» **WORK INSTRUCTIONS**
Output the data below exactly, without images.

» **DATA**
================
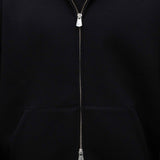 Scuba Embossed Zip Hoodie - Black
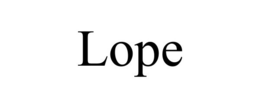 LOPE trademark
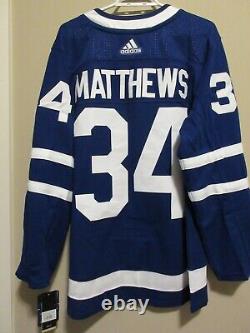 New Auston Matthews Authentic Adidas Toronto Maple Leafs Blue Jersey Med 50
================
» **RESPONSE FOR THIS EXERCISE**
 Scuba Embossed Zip Hoodie - Black
 LOPE trademark
 New Auston Matthews Authentic Adidas Toronto Maple Leafs Blue Jersey Med 50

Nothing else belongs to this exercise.